• **Exercise goal**
Beginning with the line that has "CADCAM, Robotics and Factories of the Future", write out each line down to the end of the records below exactly, and include no pictures.

(Saved entries)
################
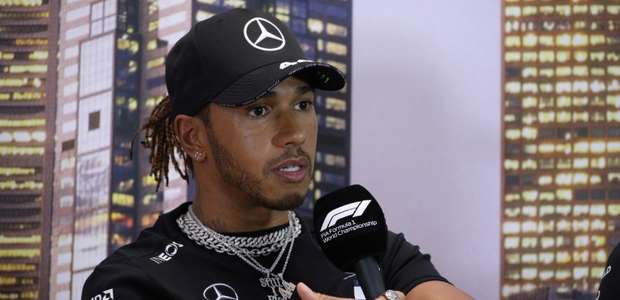 Hamilton critica Fórmula 1 por silêncio diante da morte ...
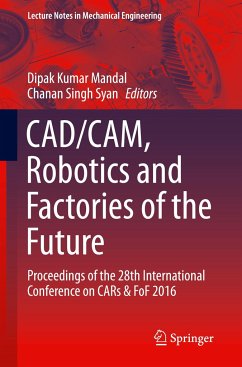 CADCAM, Robotics and Factories of the Future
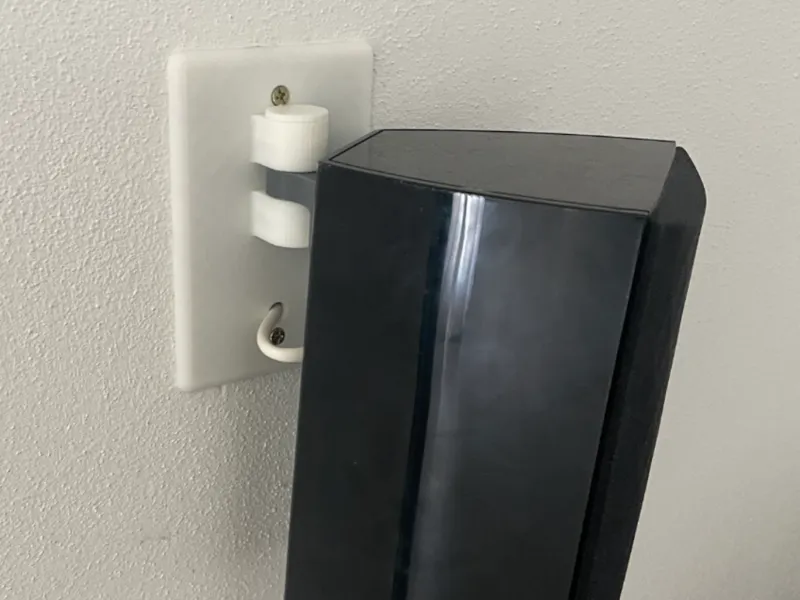 wall speakers bracket 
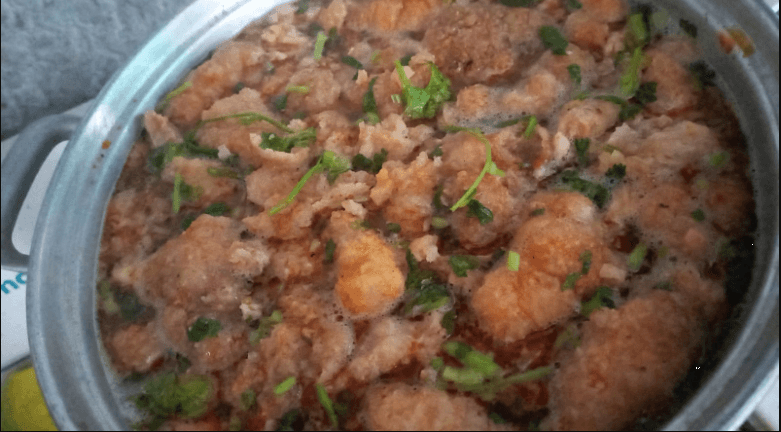 Combo-tacos+fijoles charros
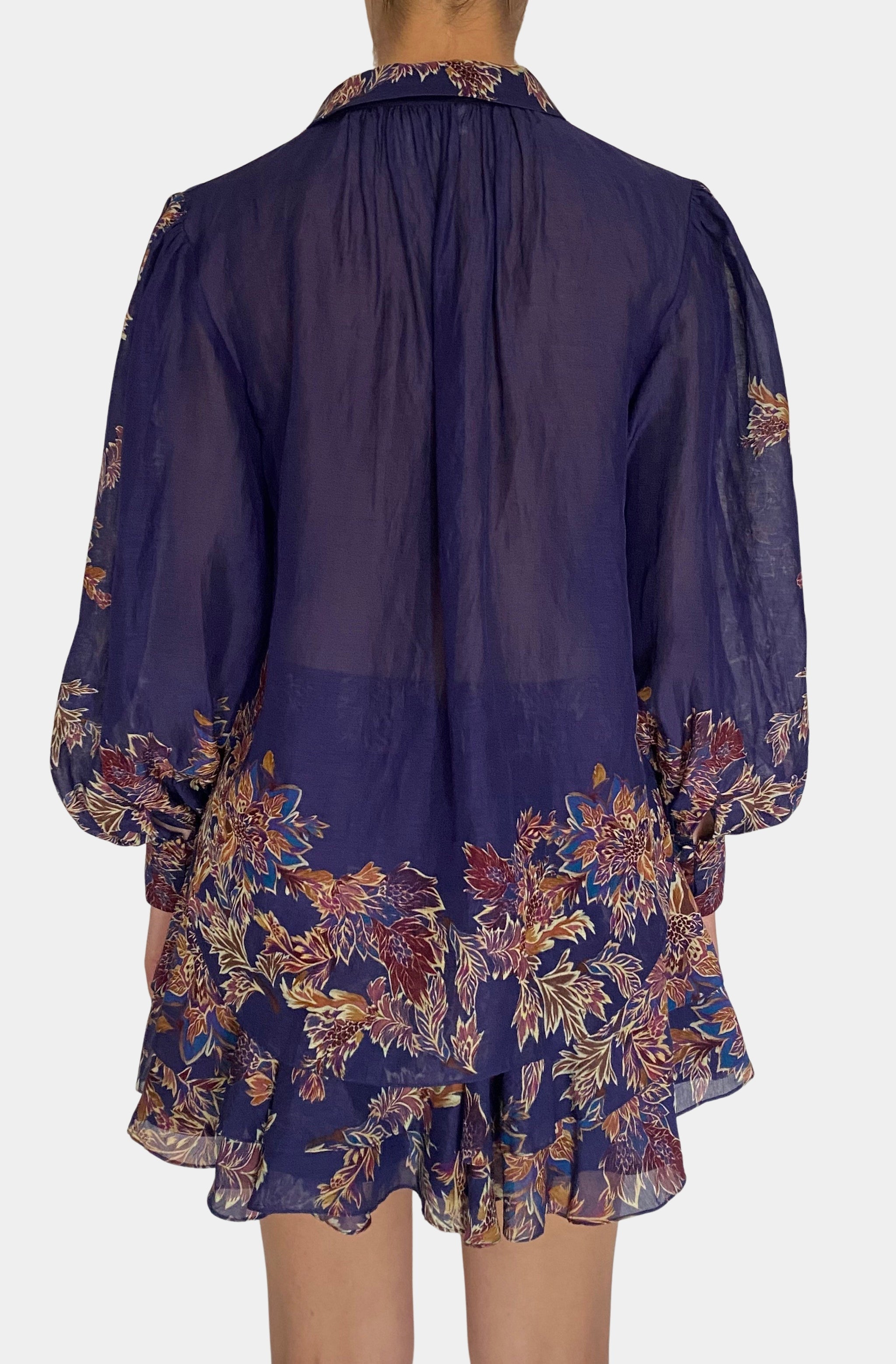Leela Boho Shirt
################
• **Reply to the task**
 CADCAM, Robotics and Factories of the Future
 wall speakers bracket 
 Combo-tacos+fijoles charros
Leela Boho Shirt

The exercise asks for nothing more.